Moreover, the numerous conflicts that arose between him and a group of sages, members of the Sanhedrin, will testify to the erosion of President Raban Gamaliel's status. These finally took a disciplinary punishment against him and perhaps even removed him, albeit for only an hour, from all his positions, or only from some of them. A similar fate befell his son, his successor - Rabbi Shimon ben Gamaliel, when in his day the presidential leadership was split into three elements, which until then had been gathered under the presidential umbrella: political, legal and instructional leadership. Since then the president has held a political position and from a Sanhedrin point of view he was a symbolic leader, with "Av-Beit-Hadin" (judgment) and "Hakim" (law instruction) at his side.

Add to this the dramatic fact of the absence of a temple and sacrifices, and as a result - the absence of a pilgrimage to Jerusalem and the absence of exposure to the Jerusalem leadership of the Temple days; Add to this the fact of the accumulated punishments as a result of the Jewish rebellion, which deprived quite a bit of the strength of the presidential leadership; Add to this the "postcards" of the Sanhedrin, ten in number according to tradition; Add to this the strengthening of the Jewish center in Babylon from the beginning of the third century CE onwards; Add to this the process of the deterioration of the Roman Empire, which radiated on the leadership centers throughout the empire.

Well, in a situation like this, does anyone imagine that the Jewish population throughout the province will see itself as subordinate and forced to the presidency?

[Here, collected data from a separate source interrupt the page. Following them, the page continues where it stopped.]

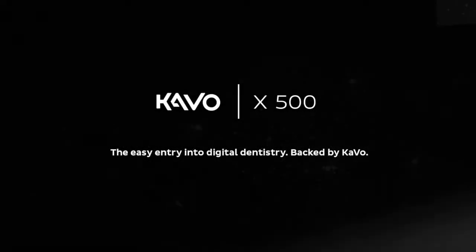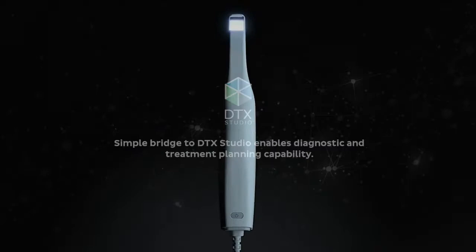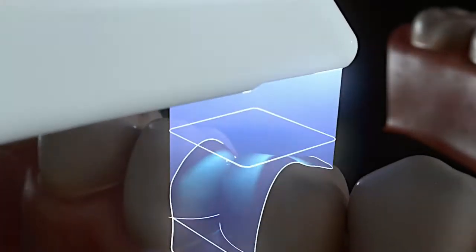Backed by an industry-leading brand known for quality and performance, the Cable X500 Intraoral Scanner is a simple yet powerful solution, supported by a one-click DTX Studio integration for advanced diagnostics and treatment planning.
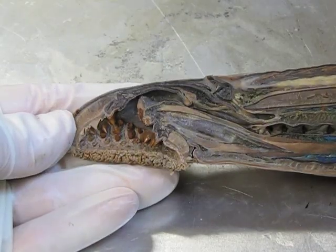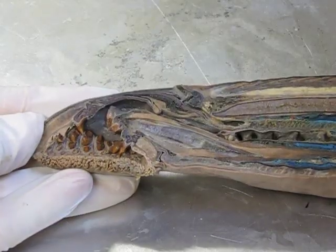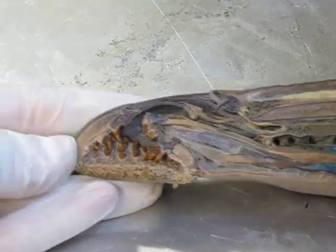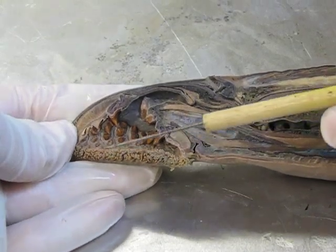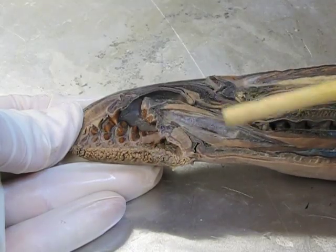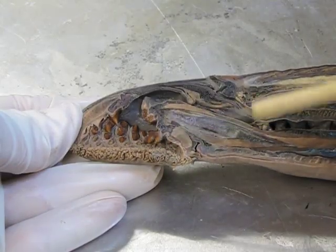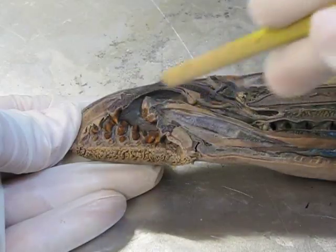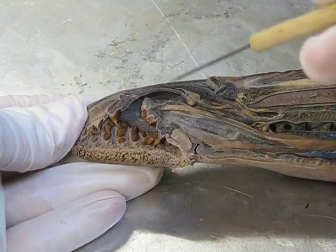Here's our lamprey cut in half. The dorsal surface is up here. The animal has been injected with different colored latex to make certain structures visible — that's obviously not how the animal looks in life. Starting at the mouth end: the opening is lined with sensory papillae, the little protuberances it uses to feel. On the inside of the mouth are wicked, spiny, hard, pointy teeth, which are used to scrape off skin and scales to access the body fluids of the host animal.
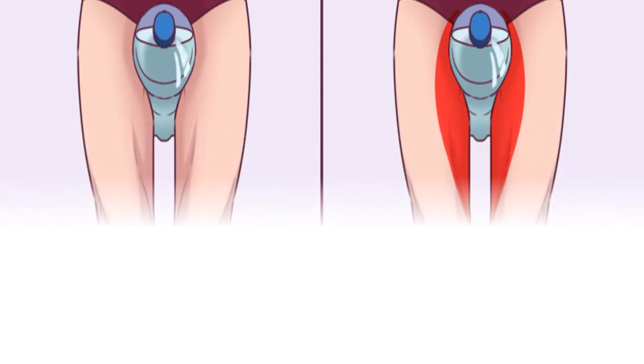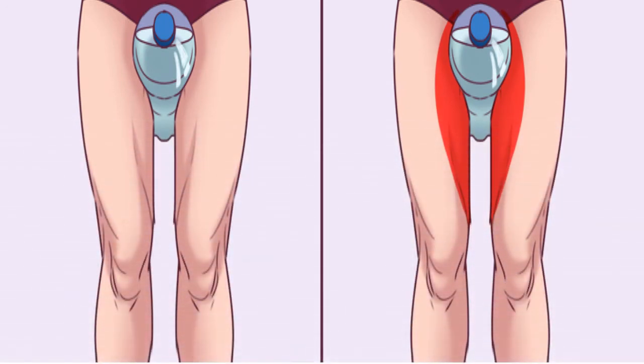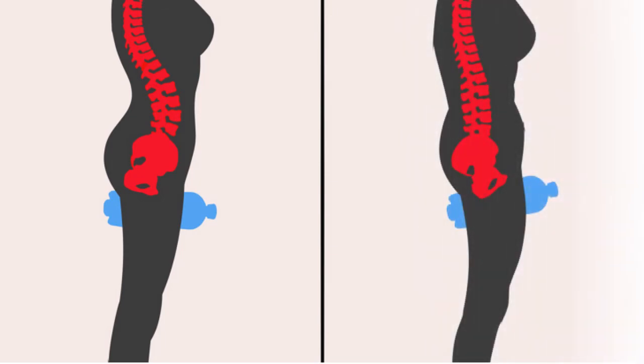How to do it: take a bottle — the larger the diameter, the better. Put it high between your legs, directly under the crotch. Put your feet parallel and as close as possible to each other. Squeeze the bottle using inner thighs, then add pelvic movements — tighten the deep stomach muscles and move your back from an arch to a rounded position and back, pulling the pelvis forward as shown in the illustration.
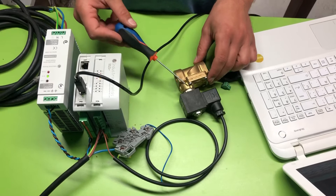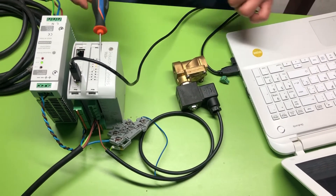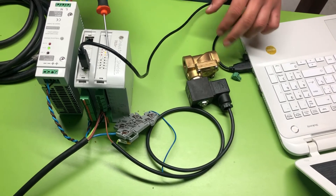Hello everybody! Today we will see how to connect a solenoid valve of 220 volts to a relay output from an Mduino 19 Air Plus.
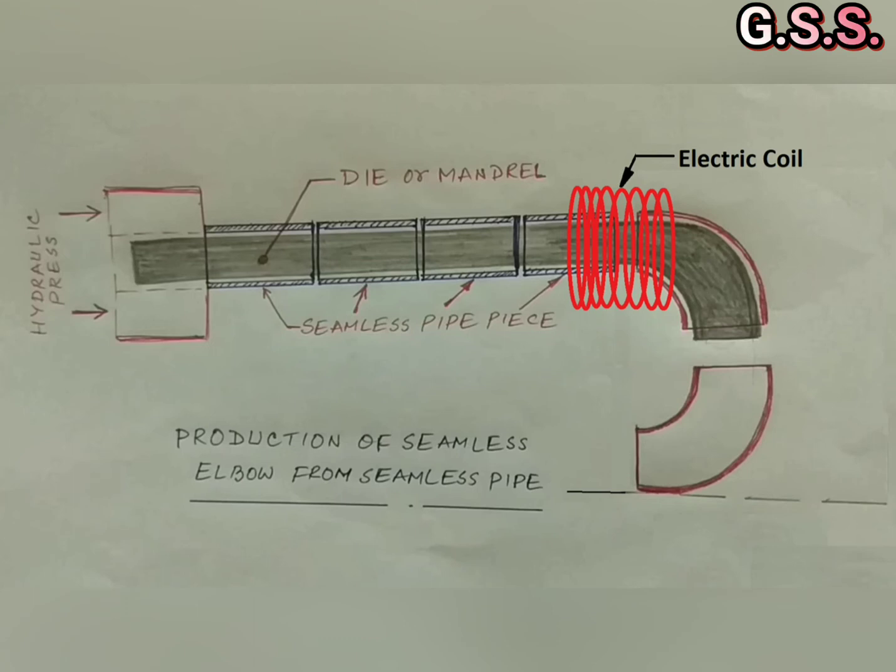Now you can see how seamless elbows are manufactured by hot forming process through the mandrel.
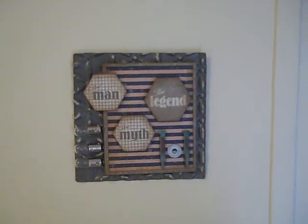Simple as that, I had a little piece of art for his man cave. That's everything for this video. Again, all the links are below in the description bar. I love you guys, I read all your comments and they mean so very much to me. Until next time, thank you so much. Bye-bye now.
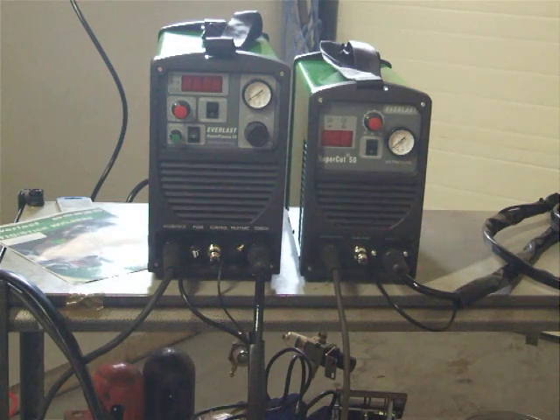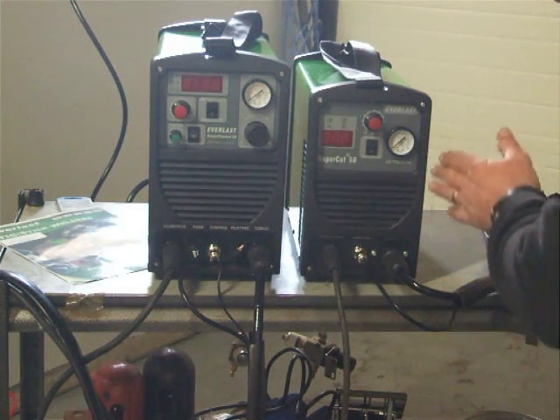MOSFETs were initially used on most of these plasma cutters, but more and more IGBTs are being used. MOSFET chips, if even one is slow switching, can cause a cascading failure across the whole bank because they need to all work in unison — they can't handle the power and amperage individually. IGBTs are much more robust and tend to handle this much more easily.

To the Sanhedrin? Apparently not, and the evidence of local leadership, cut off from the center, is increasing in sage literature in the Yavne generation and even in the Usha generation.

It therefore seems that everything that was "sold" to us and is still being "sold", as if the presidential and Sanhedrin center controlled the Jewish communities in the province, let alone in the periphery, is not, so it seems, but a flower owl.